Enhanced Visual Feature Integration: Future research must include sophisticated computer vision (CV) processes to conclusively address the main cause of diagnostic ambiguity, which is the misclassification between the “CORRECT” and “WRONG RESISTOR” states. For granular component identification, this means going beyond static visual data and incorporating object detection and explicit, non-electrical reading of component identifiers (such as resistor color codes). To obtain maximum precision against non-hazardous pedagogical errors while maintaining the fundamental safety goal, this integration offers a deterministic, external feature that may be used to enhance the electrical signatures.
Expansion to Complex Circuit Topologies: Ohm’s Law-based concepts and fault diagnostics for basic series circuits are both well illustrated by the current model. We recommend future research concentrate on expanding the framework’s diagnostic capacity in order to greatly improve its usefulness and domain applicability.
Longitudinal Pedagogical Validation: The main focus of this study is to analyze the student learning outcomes and self-efficacy, which are the ultimate indicators of the ALM framework’s effectiveness. In the future, the quantitative comparisons are recommended to analyze learning gains, student persistence rates, and self-efficacy indicators. This strict quantitative validation is necessary in proving the pedagogical worth of the suggested framework.
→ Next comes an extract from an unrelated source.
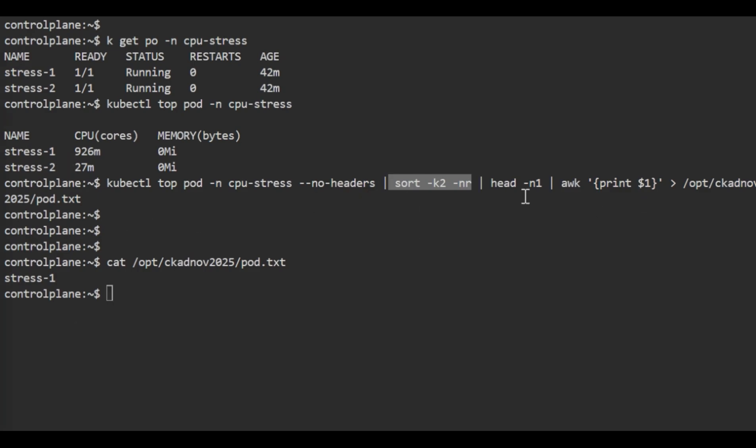Then we use head -n1 to get the top entry, which is the first line. The awk 'print $1' extracts the pod name from the first column.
Model Interpretability and Explainable AI (XAI): As the methods to achieve interpretability, we will use such techniques as SHAP (SHapley Additive exPlanations). This analysis will determine which input properties (e.g., voltage, current, and R_calculated) have the greatest influence in the decisions made by the model of a particular state in a circuit. The outcomes will be combined into the user interface where the students will be able not just to view the diagnosis but to be informed of the logic behind the AI, e.g., ’The system found a short circuit mostly because the current was measured abnormally high.’
A detailed pedagogic assessment of success will also be prepared to gauge student learning gains and engagement after technical implementation.